*Exercise brief*.
Where the data below begins, start duplicating lines exactly, and finish with the line containing "Aspecto de una"; add nothing else. Leave the pictures out.

*Data for analysis*.
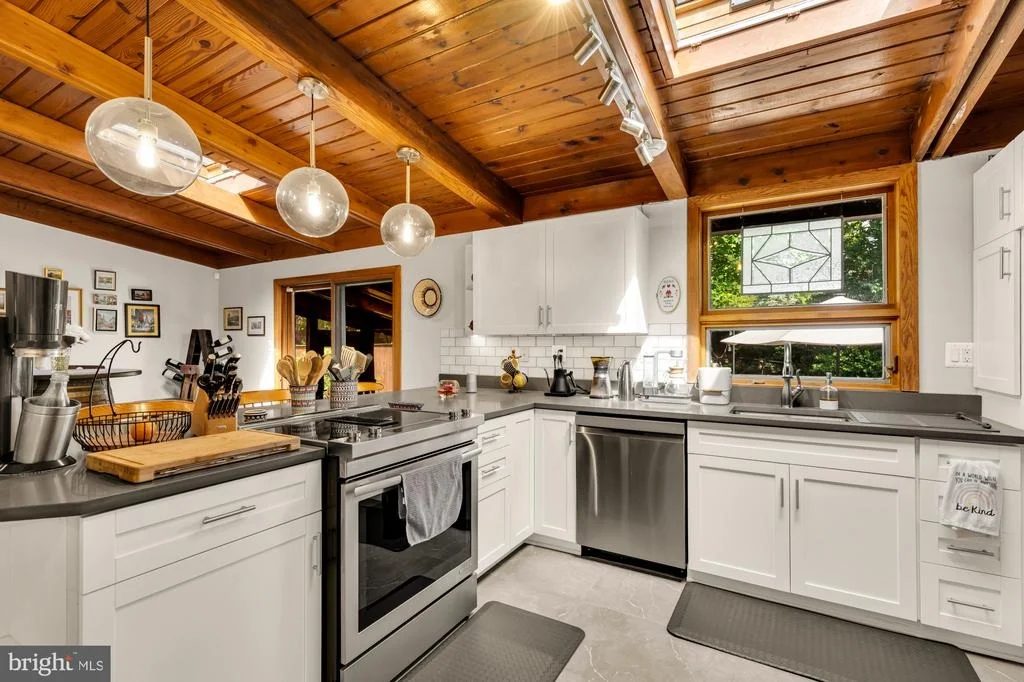 Photo of 3018 PINE SPRING ROAD
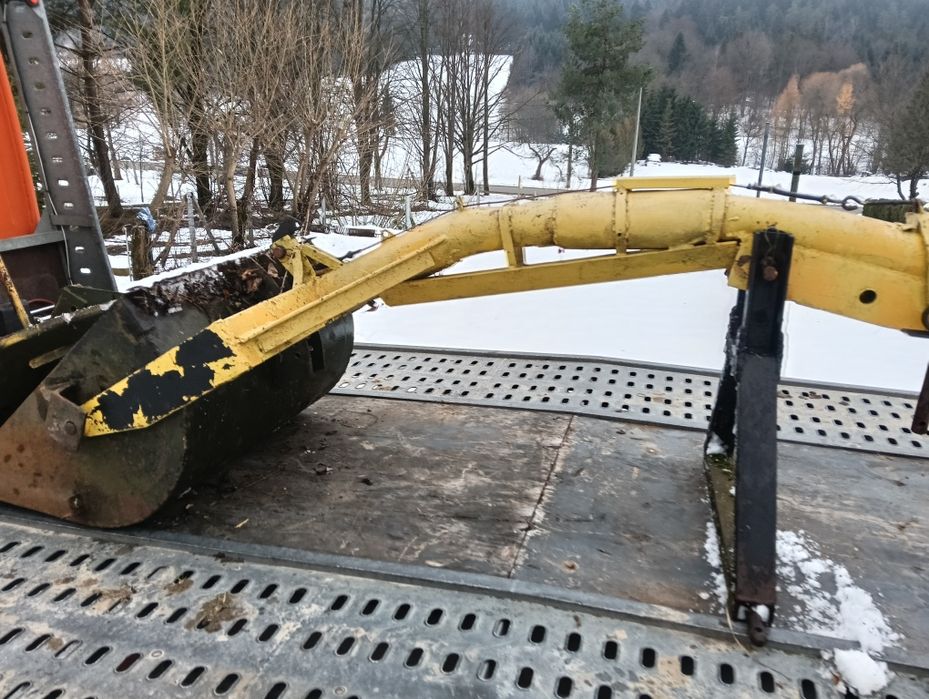 Ładowacz na Tył Tur Tylny Ursus C330 C360 Władimirec Łyzka Widły Zetor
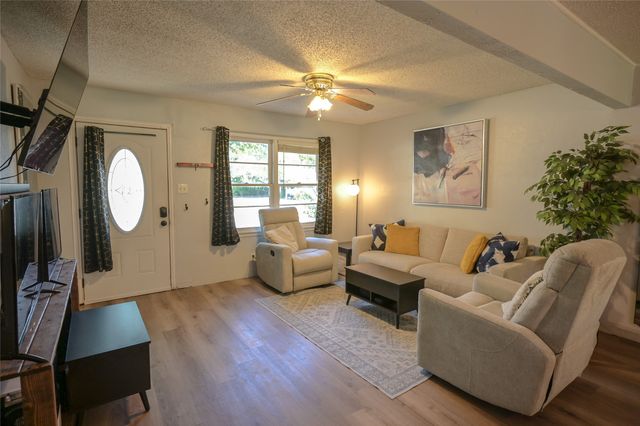 516 Renfro Street, Burleson, TX 76028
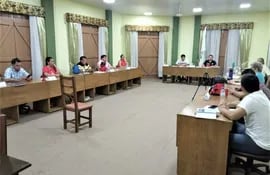 Aspecto de una sesión de la Junta Municipal de Carapeguá donde seis concejales sufren retraso en el pago de sus dietas.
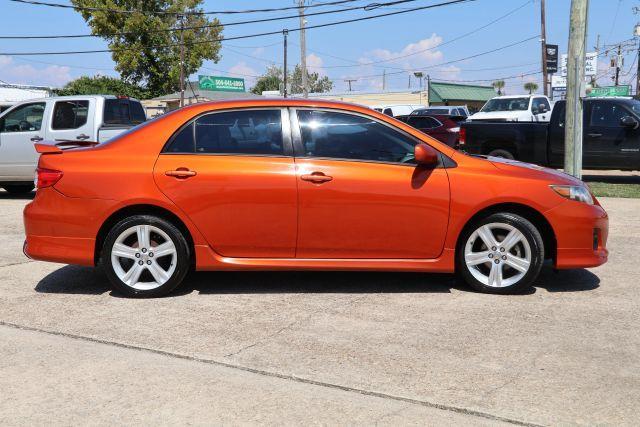 Photo of 2013 Orange Toyota Corolla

*Output*.
 Photo of 3018 PINE SPRING ROAD
 Ładowacz na Tył Tur Tylny Ursus C330 C360 Władimirec Łyzka Widły Zetor
 516 Renfro Street, Burleson, TX 76028
 Aspecto de una sesión de la Junta Municipal de Carapeguá donde seis concejales sufren retraso en el pago de sus dietas.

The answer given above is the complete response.